University of California President Janet Napolitano said a tuition increase approved earlier this year would go through, despite calls from politicians to eliminate it in light of a state audit that claimed the UC Office of the President failed to disclose millions of dollars in reserve funds.
During a conference call with reporters from UC campuses’ student newspapers Friday, Napolitano also disputed the audit’s assertion that the UCOP had $175 million in reserve.
“Frankly, there’s a real difference between tuition dollars, which are ongoing permanent funds, versus one-year savings that are allocated for other initiatives, or are restricted funds,” Napolitano said. “It’s like comparing apples to oranges to mix the two.”
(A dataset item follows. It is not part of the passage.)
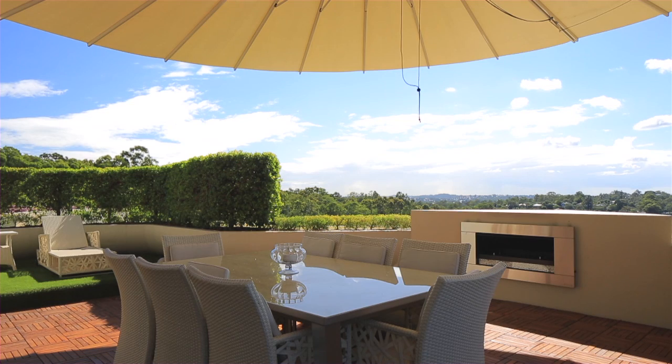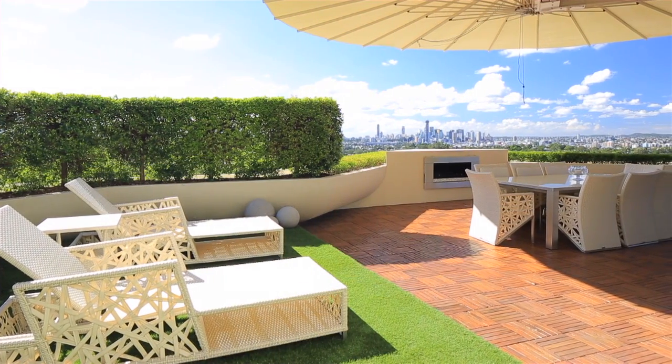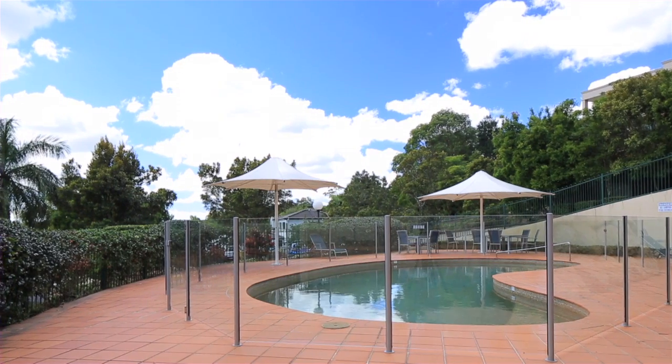With a perfect north-easterly aspect, the al fresco area, complete with fireplace, is perfect all year round. Stuart Holm Apartments also allows residents access to tennis courts and a swimming pool.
Napolitano said $83 million of the reserve funds are restricted toward administering national labs, research grants and wholesale funds program. She added $49 million has been allocated to a variety of systemwide and presidential initiatives, such as support for undocumented students, investment in carbon neutrality and efforts to combat sexual violence and sexual assault on its campuses.
Napolitano added UCOP has disclosed all these efforts to the regents and the press, and the remaining $38 million held in reserve, or about 10 percent of the core operating budget at UCOP, is a normal amount to hold in reserve.
“We think that is a prudent reserve, given contingencies and emergent circumstances that can arise between the time our annual budget is reviewed and approved by regents,” Napolitano said.
She said the office agreed to comply with the audit’s request that UCOP establish a written reserve policy.
Napolitano also said the California State University system and UC differ greatly in terms of size, scale and complexity, to address criticism from the state audit that said some UC employees had higher salaries than state employees with similar responsibilities.
“For example, the (chief financial officer) of CSU manages about $6 billion, but the CFO at UC manages more than $31 billion,” Napolitano said. “UC also manages its own pension system and investments, while CSU is a member of (the California Public Employees’ Retirement System). Getting a real apples-to-apples comparisons within the state is not as easy as it appears.”
Napolitano also heads the decision-making process for presidential initiatives, she said. She added she and other UCOP staff seek input from campus administrators and their decisions are reported to the regents through budget documents.
The UC Board of Regents and UCOP accepted all of the recommendations the state auditor made, except for one in which the state legislature would directly appropriate funding for UCOP, rather than the UC Board of Regents or campuses, she added.